Despite the dire predictions that have accompanied the decline of global governance, less international cooperation does not necessarily mean disaster. In fact, national governments can prioritize domestic prosperity and social cohesion over multilateralism without harming the global economy.

CAMBRIDGE – Commentary on the world economy has never been short of exhortations for greater global cooperation. “What happens anywhere affects everybody … [so] it is pretty clear that the world needs more … international coordination and cooperation,” wrote a leading International Monetary Fund official in 2013. “[V]irtually every problem destabilizing the world … is global in nature and can be confronted only with a coalition that is global,” echoed a leading columnist in 2019.

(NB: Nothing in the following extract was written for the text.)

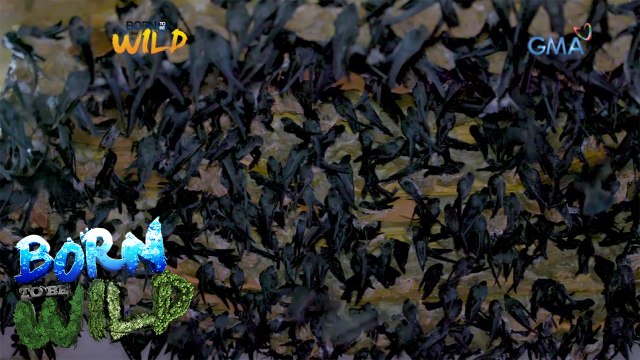 Born to Be Wild: Thousands of swiftlet birds residing in a private house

Worries about the inadequacies of global governance and weakening multilateralism have heightened in recent years, because the United States and other leading advanced economies have increasingly put their domestic agendas first. Unilateral approaches have dominated in trade, industrial policies, and the climate transition. The World Trade Organization – the crowning achievement of global governance in the hyper-globalization era we are leaving behind – has been reduced to an ineffective bystander.

For the globalist commentariat, this is clearly bad news. For the global economy, however, the consequences are less clear – and could be salutary. In fact, in a world in which national governments focused on their own sustainable prosperity and social cohesion, the global economy would do just fine. Upon closer scrutiny, the case for global economic governance turns out to be considerably weaker than is commonly presupposed.